▸ SUPPLIED DATA
*** Block opens ***
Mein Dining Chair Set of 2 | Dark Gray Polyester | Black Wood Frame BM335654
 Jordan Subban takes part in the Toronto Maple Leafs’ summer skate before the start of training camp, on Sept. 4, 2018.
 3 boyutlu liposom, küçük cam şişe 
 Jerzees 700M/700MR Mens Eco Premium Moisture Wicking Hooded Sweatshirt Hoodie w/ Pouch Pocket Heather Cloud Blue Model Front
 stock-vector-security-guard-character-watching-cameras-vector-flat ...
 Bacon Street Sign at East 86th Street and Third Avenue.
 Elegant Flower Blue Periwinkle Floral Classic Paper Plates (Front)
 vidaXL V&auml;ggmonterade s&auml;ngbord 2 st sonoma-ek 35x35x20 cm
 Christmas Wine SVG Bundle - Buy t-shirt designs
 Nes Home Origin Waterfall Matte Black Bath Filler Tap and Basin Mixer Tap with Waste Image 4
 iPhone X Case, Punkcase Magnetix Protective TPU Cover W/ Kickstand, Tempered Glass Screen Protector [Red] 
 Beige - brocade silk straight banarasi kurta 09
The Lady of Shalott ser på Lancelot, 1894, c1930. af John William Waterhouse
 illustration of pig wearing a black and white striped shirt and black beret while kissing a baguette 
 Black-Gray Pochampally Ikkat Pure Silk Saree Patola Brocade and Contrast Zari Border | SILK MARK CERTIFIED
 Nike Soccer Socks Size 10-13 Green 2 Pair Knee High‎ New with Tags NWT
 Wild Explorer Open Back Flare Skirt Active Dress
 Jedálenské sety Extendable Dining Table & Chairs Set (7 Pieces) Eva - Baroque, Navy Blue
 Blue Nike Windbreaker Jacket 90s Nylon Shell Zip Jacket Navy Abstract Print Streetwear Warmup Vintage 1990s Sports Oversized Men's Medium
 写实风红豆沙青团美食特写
*** Block closes ***
▸ WORK ITEM
Exactly as it appears above, write out the complete listing.

▸ ANSWER TO THE PROBLEM
Mein Dining Chair Set of 2 | Dark Gray Polyester | Black Wood Frame BM335654
 Jordan Subban takes part in the Toronto Maple Leafs’ summer skate before the start of training camp, on Sept. 4, 2018.
 3 boyutlu liposom, küçük cam şişe 
 Jerzees 700M/700MR Mens Eco Premium Moisture Wicking Hooded Sweatshirt Hoodie w/ Pouch Pocket Heather Cloud Blue Model Front
 stock-vector-security-guard-character-watching-cameras-vector-flat ...
 Bacon Street Sign at East 86th Street and Third Avenue.
 Elegant Flower Blue Periwinkle Floral Classic Paper Plates (Front)
 vidaXL V&auml;ggmonterade s&auml;ngbord 2 st sonoma-ek 35x35x20 cm
 Christmas Wine SVG Bundle - Buy t-shirt designs
 Nes Home Origin Waterfall Matte Black Bath Filler Tap and Basin Mixer Tap with Waste Image 4
 iPhone X Case, Punkcase Magnetix Protective TPU Cover W/ Kickstand, Tempered Glass Screen Protector [Red] 
 Beige - brocade silk straight banarasi kurta 09
The Lady of Shalott ser på Lancelot, 1894, c1930. af John William Waterhouse
 illustration of pig wearing a black and white striped shirt and black beret while kissing a baguette 
 Black-Gray Pochampally Ikkat Pure Silk Saree Patola Brocade and Contrast Zari Border | SILK MARK CERTIFIED
 Nike Soccer Socks Size 10-13 Green 2 Pair Knee High‎ New with Tags NWT
 Wild Explorer Open Back Flare Skirt Active Dress
 Jedálenské sety Extendable Dining Table & Chairs Set (7 Pieces) Eva - Baroque, Navy Blue
 Blue Nike Windbreaker Jacket 90s Nylon Shell Zip Jacket Navy Abstract Print Streetwear Warmup Vintage 1990s Sports Oversized Men's Medium
 写实风红豆沙青团美食特写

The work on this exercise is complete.